Key names are arbitrary and used only to identify which public key goes with which signature.

The signature

The signature block for any JSON block is always at key _sig and contains a name key to match to the public key from author.public_keys.{keyname} and a base-64 RSA-SHA256 signature:

{
  _sig: {
    name: 'key2',
    sig: 'xfZ4DmrcLbz8qPJoTwYg/wIqggIKBBtzqnaiUu1Wess82wKdge+UsQEqU1hY2/0OrzgtUnzgn8nSWWPJtd6qtKbOTkPQqYDf2uVk6WTHYjwpysHmMj8fzrMkpE0ZPkPD8N7kEn1Rmt85CeXMDjYDN14H3Ep4iRNc7qxeNSR7xH8='
  },
  ...
}

Key generation

The private key is an RSA key in PEM format and can be generated with:

openssl genrsa -out private.pem 1024

Whether it is generated in plain or encrypted form does not affect Happenstance, since only the public key is used by the spec. Content creation/signing workflow is left up to the implementer.

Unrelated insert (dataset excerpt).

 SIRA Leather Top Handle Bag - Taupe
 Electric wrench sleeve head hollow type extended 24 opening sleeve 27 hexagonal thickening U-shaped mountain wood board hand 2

The corresponding public key is the PEM formatted certificate generated with:

openssl rsa -in private.pem -out public.pem -outform PEM -pubout

Creating a signature

In order to sign a JSON block, we first must convert it into its canonical string format. The procedure to generate this form is as follows:

  • Iterate over all keys in alphanumeric order
    • if a key contains a hash, descend into that block and iterate over its keys in alphanumeric order
    • if a key contains an array, iterate over the array in its current order
  • skip any key starting with an _underscore
  • append {keyname}:{value}, for each key
    • do not quote the value

An Example

javascript { id: 1234, name: 'john doe', _ignore: 'not getting signed' address: { street: '123 Main St', _apt: '2a', zip: 90210 } }

The above block would be converted into the canonical form of:

address:street:123 Main St,zip:90210,,id:1234,name:john doe,

The canonical string form is then converted into a signed SHA256 hash in base64 form like this:

openssl dgst -sha256 -sign private.pem msg.txt | base64 -w 0 > msg.sig.b64

where `msg.txt` contains the canonical string form. `base64 -w 0` is used to generate a single line signature without linefeeds.

Given the signature and the key name that corresponds to the key, the `_sig` block is created and inserted into the block.

## Verifying a signature
To verify, once again the canonical string form is generated, which can then be verified via:

base64 -d msg.sig.b64 msg.sig; openssl dgst -sha256 -verify public.pem -signature msg.sig msg.txt;

where
* `msg.sig.b64` is the `_sig.key`
* `msg.txt` is the canonical string form
* `public.pem` comes from `author.public_keys.{_sig.name}`

## Key expiration
Because access to a key may be lost for many reasons, it is possible to expire a public key with an `expired` date. This date is advisory to anyone verifying the signature that if the message was created after that date, the message is invalid.

Should the key in question actually be compromised, it is generally better to just remove the key entirely, since a bad actor with the compromised key could issue messages in the past. In this case affected messages need to be re-signed, so that someone trying to verify it, will fail and try to fetch the message again from its canonical uri (which has to be in a subpath of the feed) to ensure it exists and is valid at the source.

Expiration is better suited for lost key, lost passphrase or access to a third party that is in charge of that key being lost.